3. What is the standard dosing for TAYTULLA vs ALYACEN 7/7/7?

The standard adult dose of TAYTULLA is: One capsule orally once daily for 24 weeks.. The standard adult dose of ALYACEN 7/7/7 is: ALYACEN 7/7/7 is a combination oral contraceptive containing ethinyl estradiol 0.02 mg and drospirenone 3 mg. One tablet taken orally once daily for 28 days (7 active, 7 placebo, 7 active) without a hormone-free interval.. Dosing should always be individualized based on indication, renal and hepatic function, age, and other patient factors.

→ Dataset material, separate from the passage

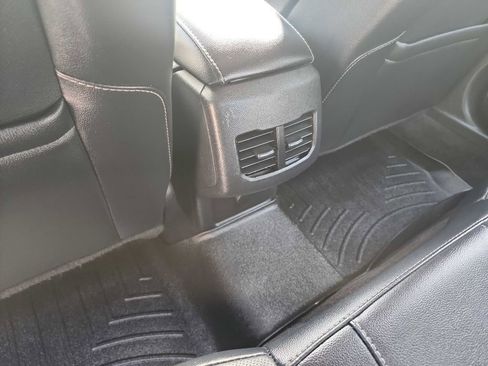 Used 2019 Ford Fusion Titanium image 31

4. Can you take TAYTULLA and ALYACEN 7/7/7 together?

No direct drug-drug interaction has been formally documented between TAYTULLA and ALYACEN 7/7/7 in current clinical databases. However, individual patient risk factors including other medications, organ function, and comorbidities should always be evaluated by a qualified healthcare provider.

5. Are TAYTULLA and ALYACEN 7/7/7 safe during pregnancy?

The maternal-fetal safety profiles differ. TAYTULLA is classified as Category C. TAYTULLA (drospirenone/ethinyl estradiol) is contraindicated in pregnancy. First trimester: No increased risk of major birth defects from inadvertent use, but postmarketing studies. ALYACEN 7/7/7 is classified as Category C. ALYACEN 7/7/7 contains ethinylestradiol and norethindrone. First trimester: No increased risk of major birth defects based on epidemiologic studies; however, inadvertent use does n. Always consult a maternal-fetal medicine specialist before taking either drug during pregnancy or lactation.